God's Grandeur

God's Grandeur

Poetry is good for the soul. It gives voice to deep down places. It enables the mechanistic eye, constrained by sterile cause and effect, to see in new hues and additional dimensions. Gerard Manley Hopkins (1844-1889), author of the poem below, processed the world in poetry – and much the richer we are because of it! Sip and savor his verses like a steaming mug of newly brewed coffee. 

God's Grandeur

By Gerard Manley Hopkins (1844-1889)

The world is charged with the grandeur of God.

It will flame out, like shining from shook foil;

It gathers to a greatness, like the ooze of oil

Crushed.

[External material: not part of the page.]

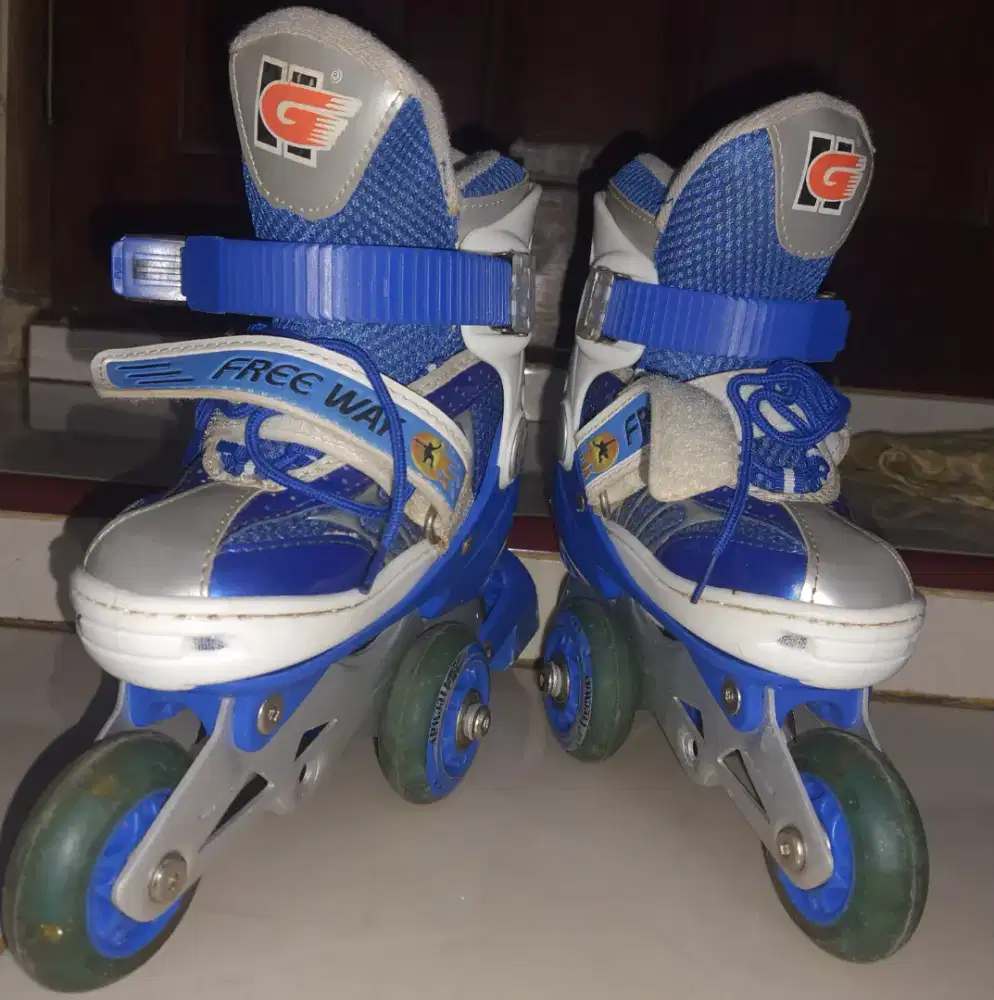 SEPATU RODA WARNA BIRU SIZE 30-33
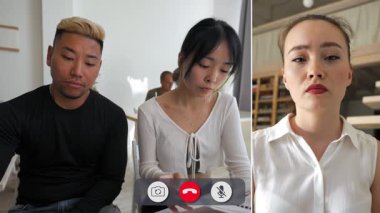 İki öğrenci ayrı bir ekranda yan yana oturuyor ve online derste çeşitli duygular sergiliyorlar. Yoğun odaklanma ve ruh hali değişimi canlı bir atmosfer yaratır..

Why do men then now not reck his rod?

Generations have trod, have trod, have trod;

And all is seared with trade; bleared, smeared with toil;

And wears man's smudge and shares man's smell: the soil

Is bare now, nor can foot feel, being shod.


And for all this, nature is never spent;

There lives the dearest freshness deep down things;

And though the last lights off the black West went

Oh, morning, at the brown brink eastward, springs —

Because the Holy Ghost over the bent

World broods with warm breast and with ah! bright wings.



Beneath the interminable trod of man’s boot-shod feet, Hopkins sees a divine current – electric-like – an oozing freshness, as from crushed olives, running through creation – yet most men seem dead to it. How can man remain blind and unmoved before it? How can he not see God’s glory “flame out, like shining from shook foil”? “Why do men… not reck his rod” (reckon/acknowledge the rod of God’s reign)? The psalmist saw the divine flaming: “The heavens declare the glory of God, and the sky above proclaims his handiwork” (Psalm 19:1). And yet man treads dead to it.
The world wearies under the tramp and trod of generation after generation, forced to wear “man’s smudge” and share “man’s smell.” And man, whose shod feet can no longer feel the soil, continues marching mindlessly upon the fatigued soil. Yet “for all this, nature is never spent.” As Hopkins masterfully phrases it, “There lives the dearest freshness deep down things…” God has imbued nature with His ever-new, ever-fresh life that those with eyes to see perceive with new and fresh surprise and joy. So though the night blankets the world in death-like darkness, the morning dawns with the promise of new life – because God’s Spirit, like a hen brooding over its chicks, hovers in life-sustaining and, ah!, life-giving love.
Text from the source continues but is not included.